[DATA EXTRACTS]

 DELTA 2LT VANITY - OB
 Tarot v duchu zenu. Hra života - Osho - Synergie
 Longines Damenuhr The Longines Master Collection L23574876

[/DATA EXTRACTS]
[DATA EXTRACTS]

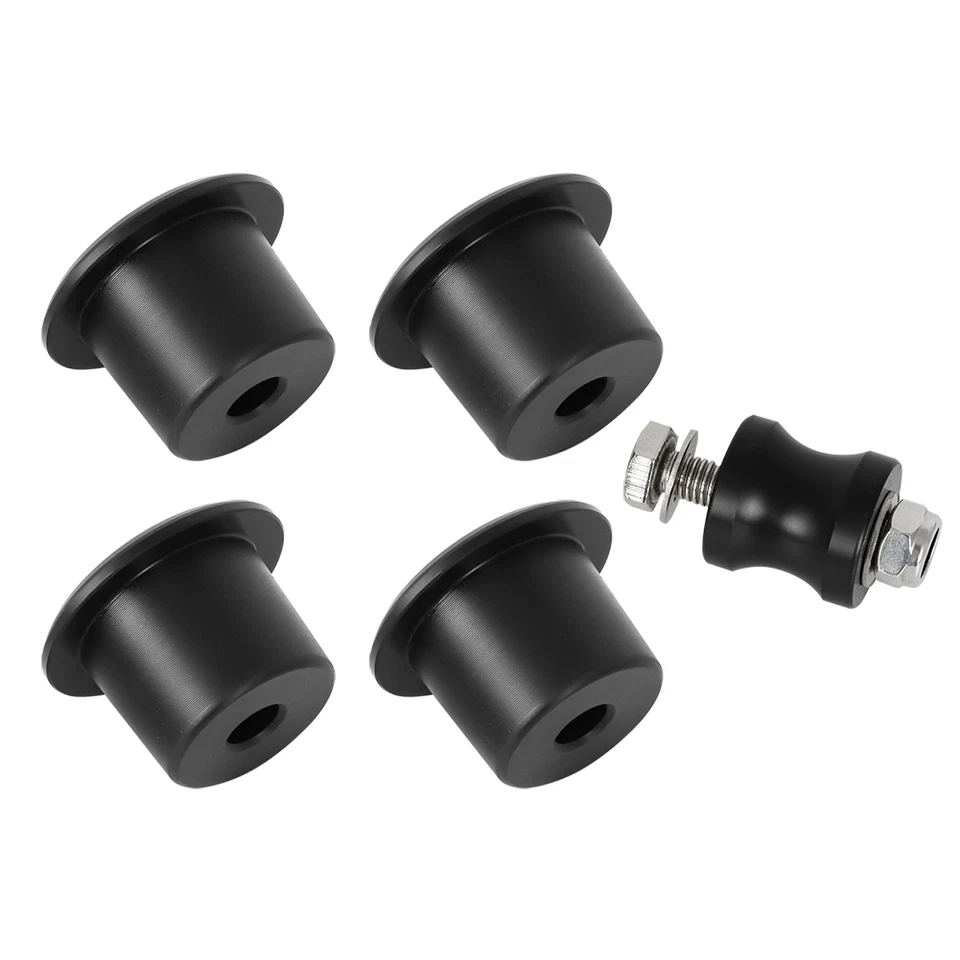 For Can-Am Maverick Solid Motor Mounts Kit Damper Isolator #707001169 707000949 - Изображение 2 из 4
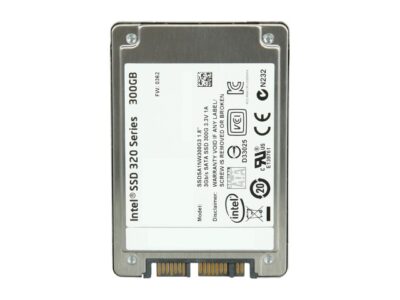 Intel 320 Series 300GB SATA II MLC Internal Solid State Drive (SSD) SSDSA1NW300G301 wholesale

[/DATA EXTRACTS]

- [WHAT IS REQUIRED] Everything above from the line with "Tarot v duchu" to the line with "Longines Damenuhr The", both included, must be repeated exactly, and nothing outside that range.

- [TASK RESULT]
 Tarot v duchu zenu. Hra života - Osho - Synergie
 Longines Damenuhr The Longines Master Collection L23574876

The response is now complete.